You never know the minute or the hour. That much at least is true. I seem to be saying it every week now, but life is an unpredictable business. Cherish what you have while you have it, and always eat dessert first.  And if there’s someone in your life you love,  go and find them, and tell them that you love them, right now. However many legs they have. I’ll wait. Twenty-two years ago today, to the day, in that dreadful year of 1992, our tail-less, but nevertheless characterful and extremely entertaining cat Sylvester went out, just after The Archers, and was killed, not ten yards from our back door.  Poor old Silvo. He was a great cat, he had a heart the size of a bucket, he was a real character, the second cat we lost in the same month of November that year, the other being little Halibut who went out one night and just never came back. Silvo’s going left a huge hole in our lives, and changed lots of things forever.

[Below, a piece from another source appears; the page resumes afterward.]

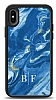 Dafoni Glossy iPhone X Kişiye Özel İki Harf Simli Mavi Mermer Kılıf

This probably has little to do with Advent, but I have always remembered Halibut and Silvo, the same way I remember every anniversary of every one of our pets.  Advent is supposed to be about looking forward, though, looking forward to a better world, where the metaphorical child can poke its hand in the metaphorical hole of the metaphorical asp, and the lion lies down with the lamb.  And we’re being enjoined to watch and wait and be alert for that time coming.  I don’t, in all honesty, see any signs of it coming soon, but maybe that’s just me.  We may not all believe (and I am not sure I do, to be honest) as Sir John Betjeman puts it, “that God was man in Palestine, and lives today in blood and wine”, but surely we can at least all get behind the idea of a better world tomorrow?

Ah, but, you’ll be saying, what do you mean by “better”? to which I can only quote, as I have done every time I’ve come to this juncture Antoine de Saint-Exupéry’s little prince.

“And now here is my secret, a very simple secret: It is only with the heart that one can see rightly; what is essential is invisible to the eye.”

Feed the hungry, heal the sick, teach the children, house the homeless, respect the animals. That would be a start.

So, later on tonight, when I’m too tired and achy to sleep, I am going to practice waking and watching. I’ll be Big G’s sentry. I’ll take first watch. I was planning to be awake anyway. But as for me, right now, I have pies to make, and dishes to wash, and dogs and a cat to feed, and coal to fetch. Better look busy, Jesus is coming (allegedly)!